Wall Street closed without setting a record for the first time in nine days as stocks finished lower across the board.
But it was a week of modest gains for blue chips and the Nasdaq as well.
JP Morgan Chase was under fire for two reasons. The bank was told by the Federal Reserve to fix the way it determines how much cash to dole out to shareholders. Goldman Sachs was told the same thing, by the way, as the Fed tries to make sure banks have enough capital to withstand another shock.
The other reason - lawmakers delved into JP Morgan's $6 billion bad trade last year. Senators accuse the bank of taking risky bets and misleading investors.
Former Chief Investment Officer Ina Drew refused to take the blame for what's become known as the London Whale.

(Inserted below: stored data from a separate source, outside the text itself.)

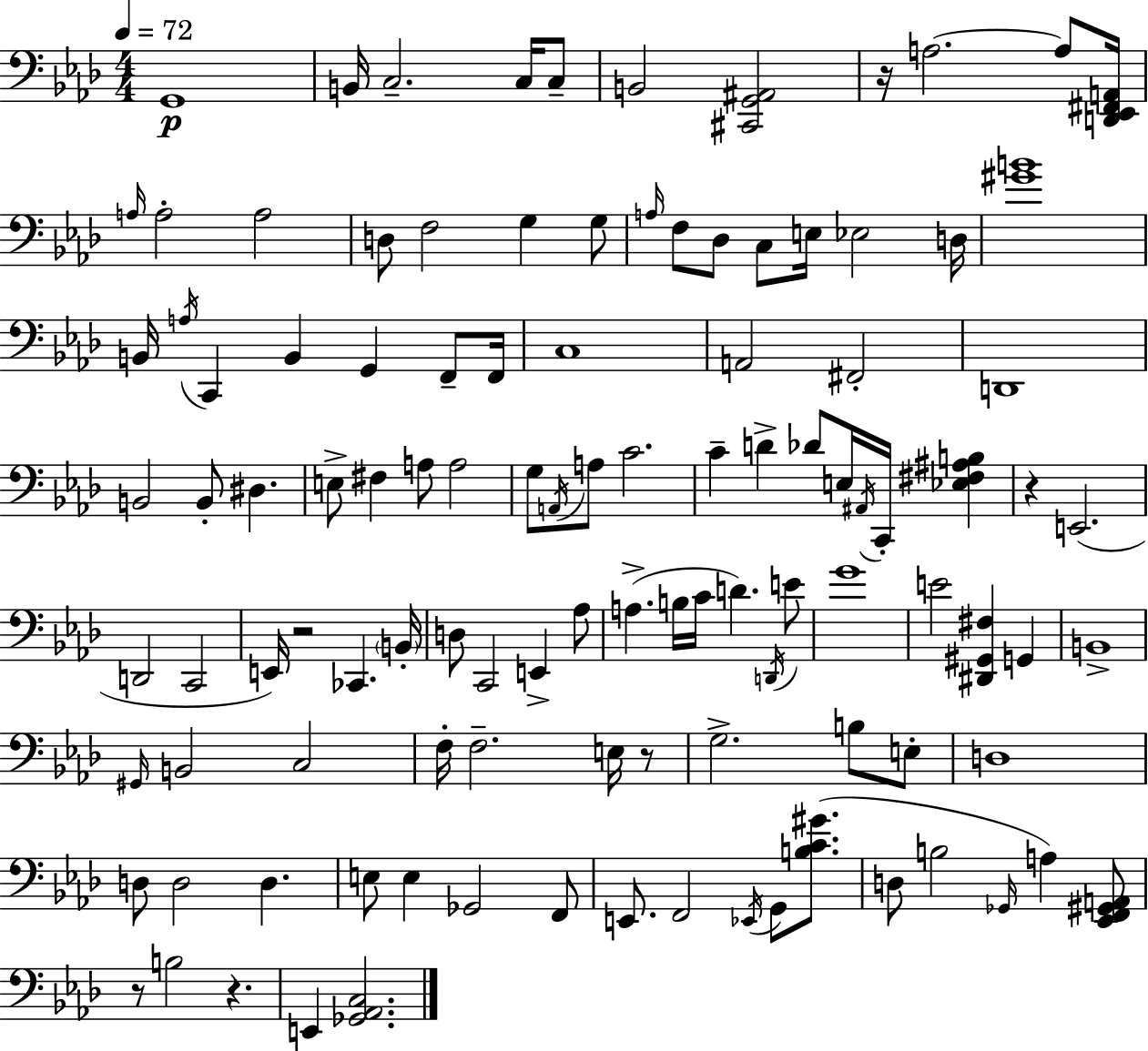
X:1
T:Untitled
M:4/4
L:1/4
K:Fm
G,,4 B,,/4 C,2 C,/4 C,/2 B,,2 [^C,,G,,^A,,]2 z/4 A,2 A,/2 [D,,_E,,^F,,A,,]/4 A,/4 A,2 A,2 D,/2 F,2 G, G,/2 A,/4 F,/2 _D,/2 C,/2 E,/4 _E,2 D,/4 [^GB]4 B,,/4 A,/4 C,, B,, G,, F,,/2 F,,/4 C,4 A,,2 ^F,,2 D,,4 B,,2 B,,/2 ^D, E,/2 ^F, A,/2 A,2 G,/2 A,,/4 A,/2 C2 C D _D/2 E,/4 ^A,,/4 C,,/4 [_E,^F,^A,B,] z E,,2 D,,2 C,,2 E,,/4 z2 _C,, B,,/4 D,/2 C,,2 E,, _A,/2 A, B,/4 C/4 D D,,/4 E/2 G4 E2 [^D,,^G,,^F,] G,, B,,4 ^G,,/4 B,,2 C,2 F,/4 F,2 E,/4 z/2 G,2 B,/2 E,/2 D,4 D,/2 D,2 D, E,/2 E, _G,,2 F,,/2 E,,/2 F,,2 _E,,/4 G,,/2 [B,C^G]/2 D,/2 B,2 _G,,/4 A, [_E,,F,,^G,,A,,]/2 z/2 B,2 z E,, [_G,,_A,,C,]2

SOUNDBITE: INA DREW, FORMER CHIEF INVESTMENT OFFICER, JP MORGAN CHASE (ENGLISH) SAYING:
"Some members of the London team failed to value positions properly and in good faith. They minimized reported and projected losses and hid from me important information regarding the truth risk of the book."
Shares of JP Morgan down roughly 2 percent on the day.

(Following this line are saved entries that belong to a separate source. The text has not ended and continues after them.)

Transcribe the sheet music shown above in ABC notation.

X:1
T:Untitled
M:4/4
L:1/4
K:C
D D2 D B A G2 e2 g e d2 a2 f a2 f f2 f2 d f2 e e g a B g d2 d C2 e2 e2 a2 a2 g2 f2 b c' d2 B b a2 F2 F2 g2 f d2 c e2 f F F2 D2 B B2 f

Boeing says it will be able to get the safety-plagued Dreamliner 787 back up in the air in weeks.
Apple investors don't see the newly unveiled Samsung Galaxy S4 as a iPhone killer.
A rise in both stocks helped limit market losses.
On the economic front, industrial production bounces back, consumer sentiment tumbles to a more-than one-year low, and consumer inflation surges at its fastest pace since June 2009.
Despite signs of economic strength, don't expect the Fed to alter its bond-buying strategy at the meeting this coming week, says Anthony Chan of JP Morgan.
SOUNDBITE: ANTHONY CHAN, CHIEF ECONOMIST FOR PRIVATE WEALTH MANAGEMENT, JP MORGAN (ENGLISH) SAYING:
"On the labor front, we really need to see a whole lot more progress than we've seen so far before the labor markets are going to reach the point where the Fed feels complacent enough to raise short-term interest rates."
Finishing up with a look at Europe, stocks backed-off 4-1/2 year highs.